For the past two years, teams of postgraduate students from a range of disciplines have conducted research on how waste pickers, the state and residents in the two municipalities experience and understand integration initiatives. The post-doctoral fellow will play a key role in synthesizing the students’ data and findings (and conducting new research as necessary) in order to develop a comprehensive, multi-layered understanding of waste picker integration in the two municipalities. “Lessons from Waste Picker Integration” extends beyond the realm of academic research, as in the second component of the project, the PI (Dr.
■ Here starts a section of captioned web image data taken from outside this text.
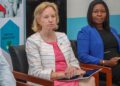 From left: U.S. Ambassador to Guyana, Sarah-Ann Lynch and U.S CDC Country Director for the Jamaican/Caribbean Regional Office, Dr Emily Kainne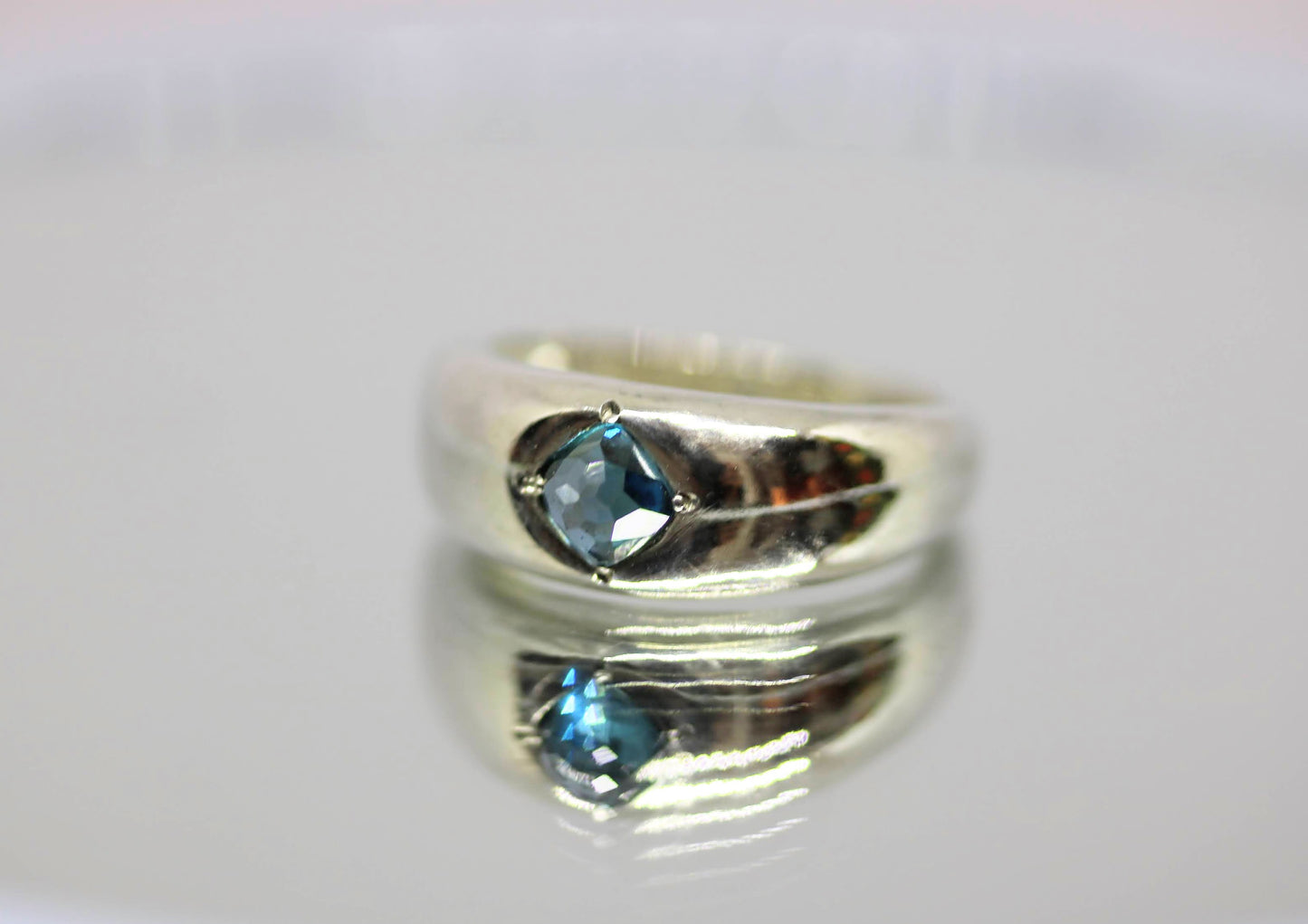 london blue topaz silver signet ring
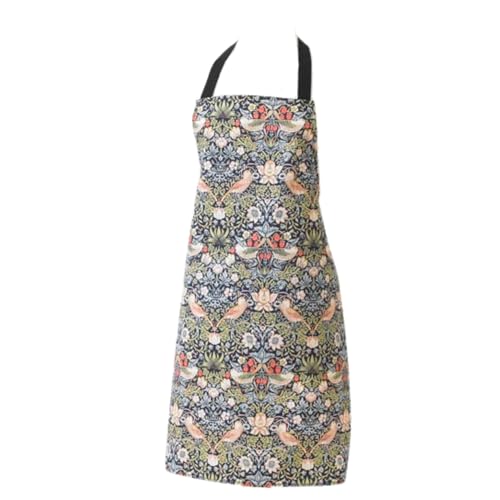 William Morris Blue Strawberry Thief Cotton Drill Floral Apron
Melanie Samson) is designing and facilitating the Department of Environmental Affairs’ participatory stakeholder process to develop National Guidelines on Waste Picker Integration.  The post-doctoral fellow will also have the opportunity to participate in and analyse this unique form of national policy development.

Scope
The specific tasks of the incumbent will be to:

  • Write academic reports that synthesize and theorize research conducted by the research team.
  • Conduct new fieldwork.
  • Be a senior member of the team facilitating the national stakeholder process and developing the national guidelines on waste picker integration.
  • Produce peer-reviewed publications, both individually and collectively
  • Mentor post-graduate students.

Criteria

Applicants are expected to:

  • have a doctoral degree in an area of study relevant to the research project (Geography, Sociology, Anthropology, Political Science, Urban Studies etc.)
  • be deeply familiar with academic debates in one or more of the following areas: waste, discard studies, recycling, waste picking, the relationship between waste and value
  • have solid experience conducting and analysing qualitative research
  • have excellent writing skills
  • have strong interpersonal skills and enjoy working collaboratively.

Value and Tenure
The value of the Fellowship is R250,000 per year, over a twelve-month period from April 2018 – March 2019. The fellowship does not include relocation costs or fringe benefits. Research funds are available for project related research. Conference grants may be available on application. The incumbent will be provided with a desk and appropriate access rights to use the university’s research facilities.

Application Requirements
Applications must be submitted by January 20, 2018 and include:

  • full CV
  • cover letter outlining your reasons for applying for the position
  • academic writing example
  • overview of experience working on issues related to waste picker integration
  • copies of academic transcripts
  • details of two referees.

Selection Process
Eligible and complete applications will be considered by the project leader, Dr. Melanie Samson, and a selection committee. The closing date for applications is 20 January, 2017.

Submission
Please email your application to Dr. Melanie Samson:  melanie.samson@wits.ac.za
Hard copies can be posted to: Dr. Melanie Samson, Bernard Price Building, University of the Witwatersrand, 1 Jan Smuts Avenue, Braamfontein, Johannesburg, South Africa 2001.
Please state in the email subject line or on the envelope that this is an ‘Application for the Waste Picker Integration Postdoctoral Research Fellowship’.